Any analytics or BI practitioner is very familiar with the Analytics Maturity Curve above. For those who are unfamiliar, the curve is primarily used to show the key stages for analytics growth and to help organizations assess where they may be with their analytics capabilities. Secondarily, it shows how moving up the stages both increases business value (y-axis) the complexity of the analytics environment (x-axis) as it matures. For many organizations, their analytics capabilities tend to fall somewhere in the middle with the goal being to reach the point at the very top where the data is highly optimized and analytics not only can tell you what will happen, but what you can do to affect the outcome. Along those same lines, vendor sales presentations love to show you all the wonderful things their tools and platforms are capable of doing to match your march up the curve – from simple reporting to Artificial Intelligence. In addition, these tools are marketed as being so easy to use that anyone in your organization can work with them and produce the same types of results as a 20-year data scientist could. However, in all of what the analytics curve (and subsequent vendor) tries to address, there is one key element that it leaves out and is often overlooked in the process and not seen on any maturity curve chart you will find on the internet. In fact, for me, this element is so important it deserves to be on a second y-axis which I have added below.
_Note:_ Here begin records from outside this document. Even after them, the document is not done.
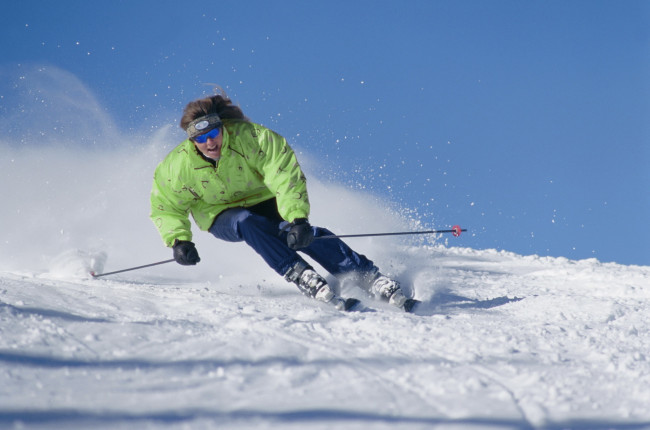 Обои картинки фото спорт, лыжный спорт, крутой, спорсменка, лыжница, зима, снег, спуск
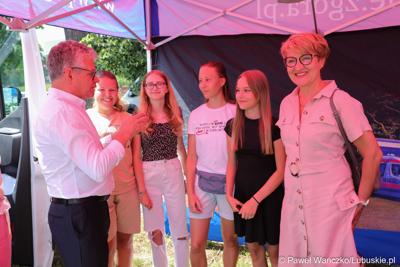 Marszałek Elżbieta Anna Polak i burmistrz Bytomia Odrz. Jacek Sauter na Pikniku zdrowia w Bytomiu Odrzańskim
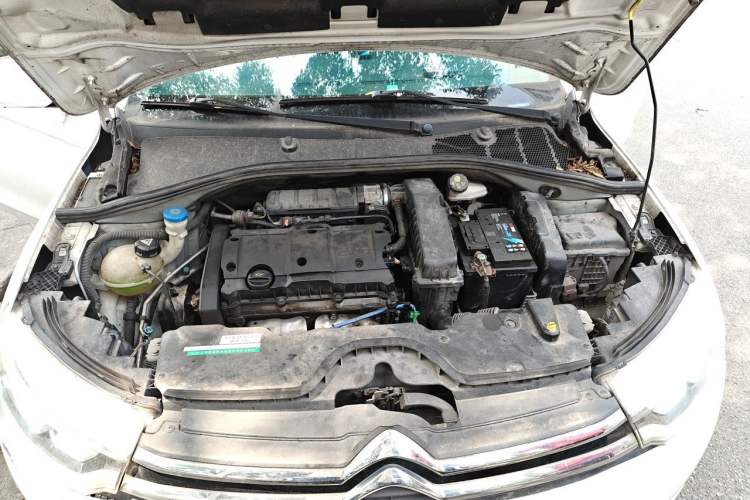 Used Citroen C3-XR 2015 1.6L Automatic Fashion Model Engine Bay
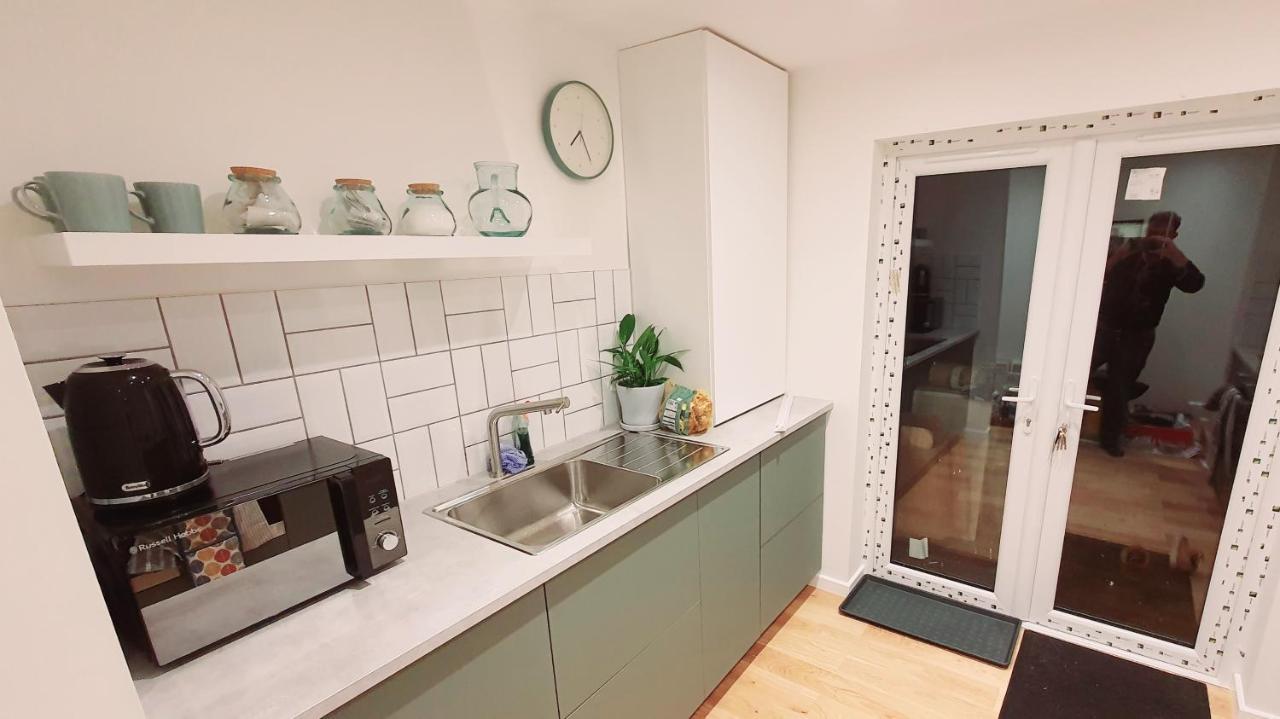 Lovely 2 Bedroom Period Garden Flat. Лондон Экстерьер фото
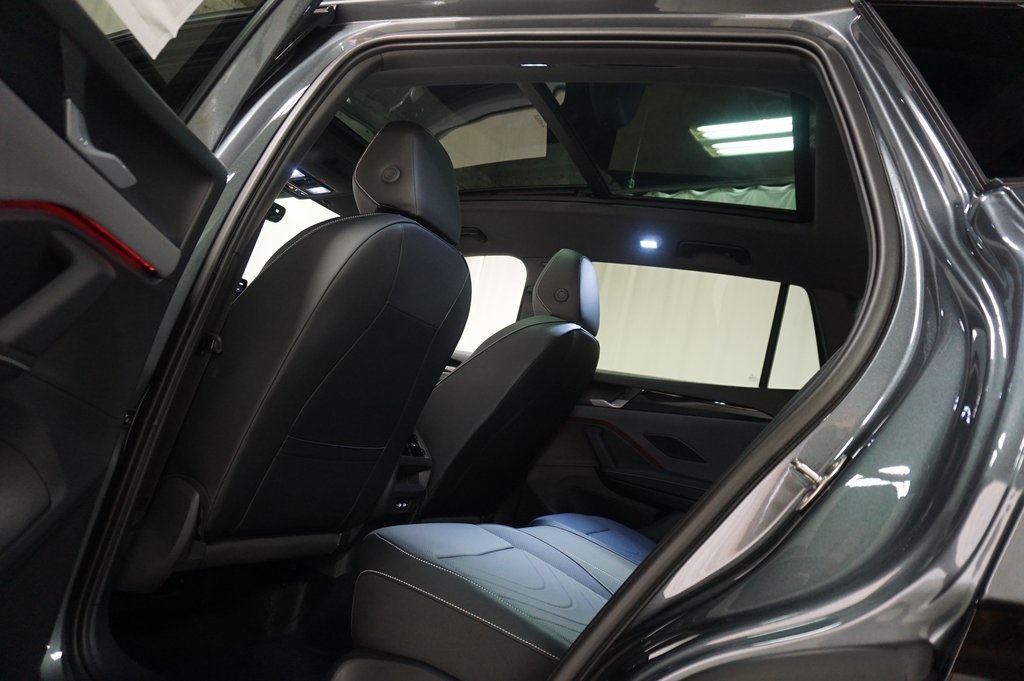 2025 Volkswagen Tiguan SE R-Line Black photo 24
Now it seems obvious that if you want your analytics environment to grow and mature, you must have staff in place with the necessary skills needed for each step of the curve. Unfortunately, what seems to be obvious, is not always so. Cassie Kozyrkov, head of data science at Google, wrote a very poignant article last month on what makes a good data analyst and why we should not treat data analysts as decision makers. Her main point was that you did not hire data analysts to be a decision maker. You hired them to analyze data and provide insights to the decision maker and should leverage their skills as such. The same can be said for aligning staff capabilities with the march up the analytics curve. For example, if you are at the low end of the curve, do not expect nor ask your staff to create complex statistical models that can predict quarterly sales and identify new areas. Unless you have complete misunderstanding of these individuals skills, It is not fair to them, and you may have ended up with results that will waste time and valuable resources. Each step along the way requires an enhancement of skills in order to make that step fruitful and effective. Simply put, you cannot successfully move up that curve if you do not have individuals who possess the necessary skills to do so.
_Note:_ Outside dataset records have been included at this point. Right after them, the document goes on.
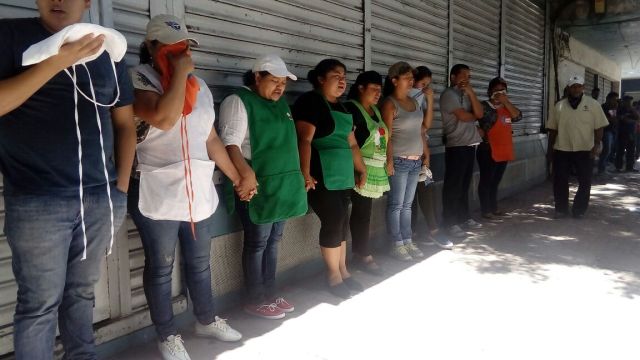 Foto: Policía hondureña reprime manifestantes en celebración del 1º de mayo / unetv.hn 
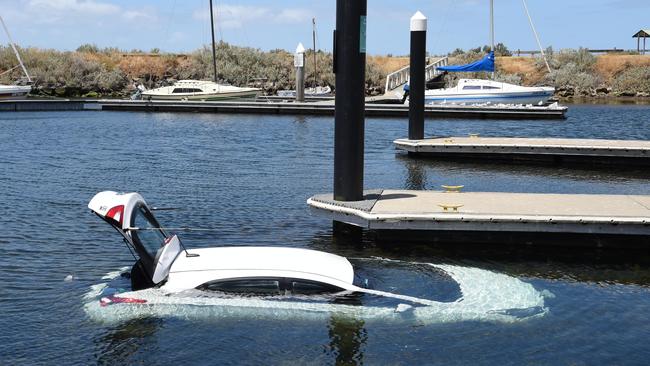 Is this our Montague St bridge? St Helens boat ramp claims second car ...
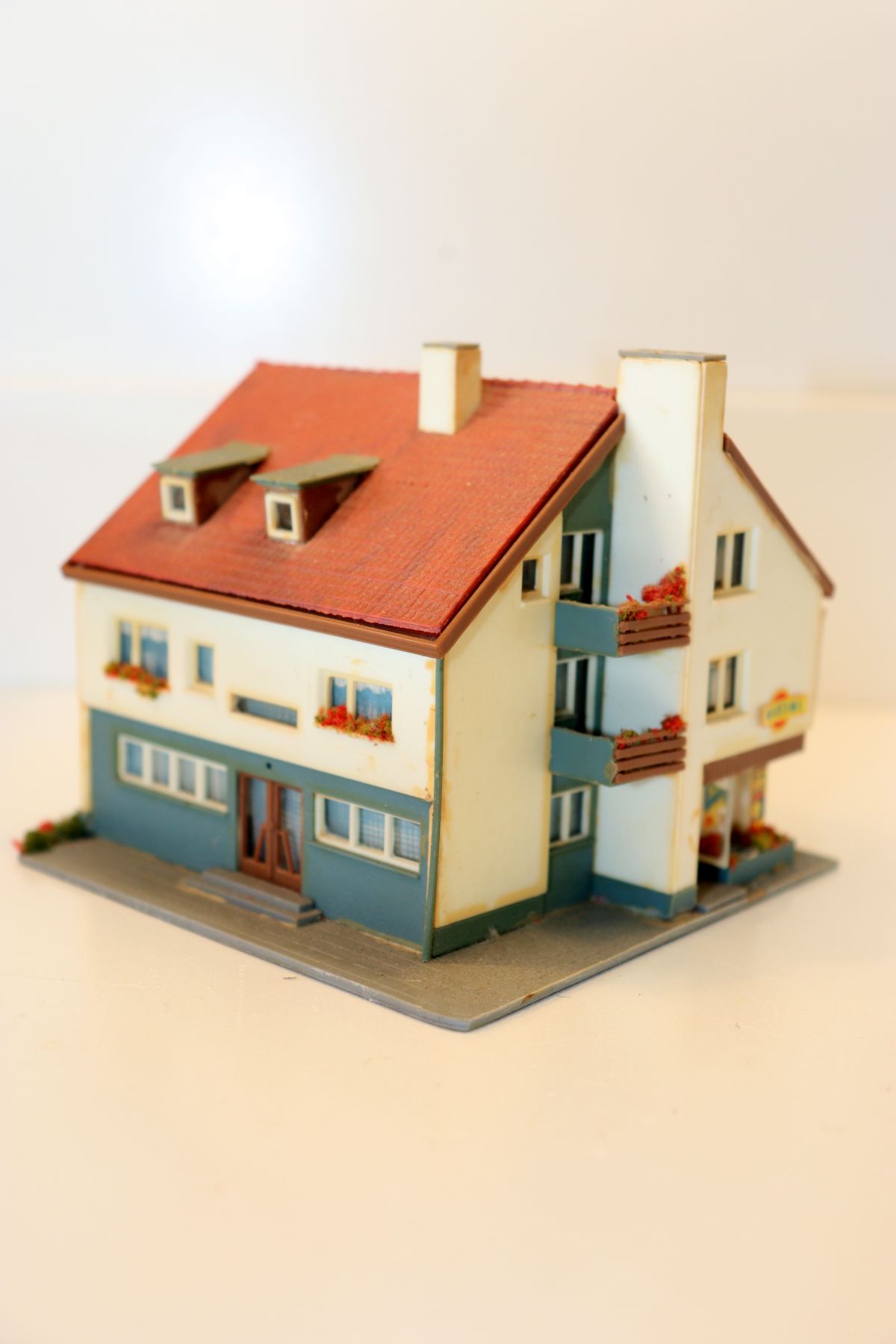 Model Kit SW21177, Shop with Residential House (already assembled from kit, item comes from a dismantled layout), for N gauge, 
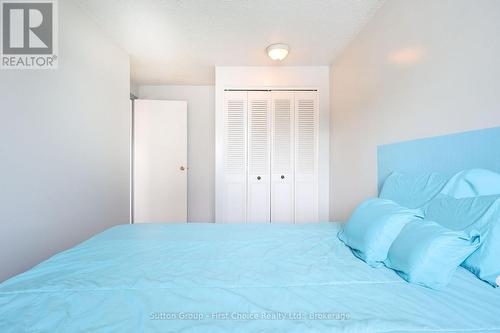 11 - 88 Avonwood Drive, Stratford, ON - Indoor Photo Showing Bedroom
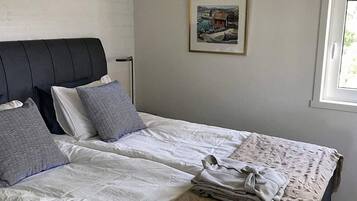 House | 2 bedrooms, individually furnished, bed sheets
As illustrated above, I put the “Organizational Analytics Skills” on a secondary y-axis and not in parallel alignment with maturity curve growth. The reasoning here is two-fold:
- Growth on the curve is not such a linear step by step process in my own experience. There are overlaps in the stages and this will also be the case with staff abilities. You want staff to grow in skills or strategically add new staff with the key skills as maturity grows and budgets permit.
- Just like value on the left, skills and abilities span a spectrum as it moves up. You want a richness of capabilities up and down the curve at each step because you do not get to each step without proficiency in the one prior.
“Invest in professional development”
As studies have proven, professional development is both a critical motivational tool, but also an important way to increase staff skill sets without losing knowledge and history about the organization. In analytics especially, investing in professional development is arguably more critical than simply hiring what you need. I say that because there is a real tangible value in developing the analytics skills of current staff when you consider what they already know about the organization. Yes, there are times when you must bring in talent from the outside to fill in gaps – there is nothing wrong with that. But there is something to be said for looking for and investing in current staff as it pertains gaining that business value you are looking for as you move up the curve. Staff already on board tend to know the key drivers and KPI’s that the company focuses on. They know the user base and what these users like to see or are interested in for reports and BI deliverables. It is not to say that someone from outside the organization cannot learn and do the job. Rather, (if we were to use a sports metaphor) it has more to do with both building the analytics skills of the organization organically along with adding key “free agent” acquisitions as needed so to speak.
In the end, what we are really talking about here is cultivating a high-functioning and rich analytics culture that adeptly intersects technology and organizational capabilities. This culture does not mature by simply purchasing the latest greatest tools. The journey and maturity up the analytics curve not only requires honest assessments along the way, it also requires an investment in the skills of the people involved and a well thought out analytics and data strategy as part of the foundation.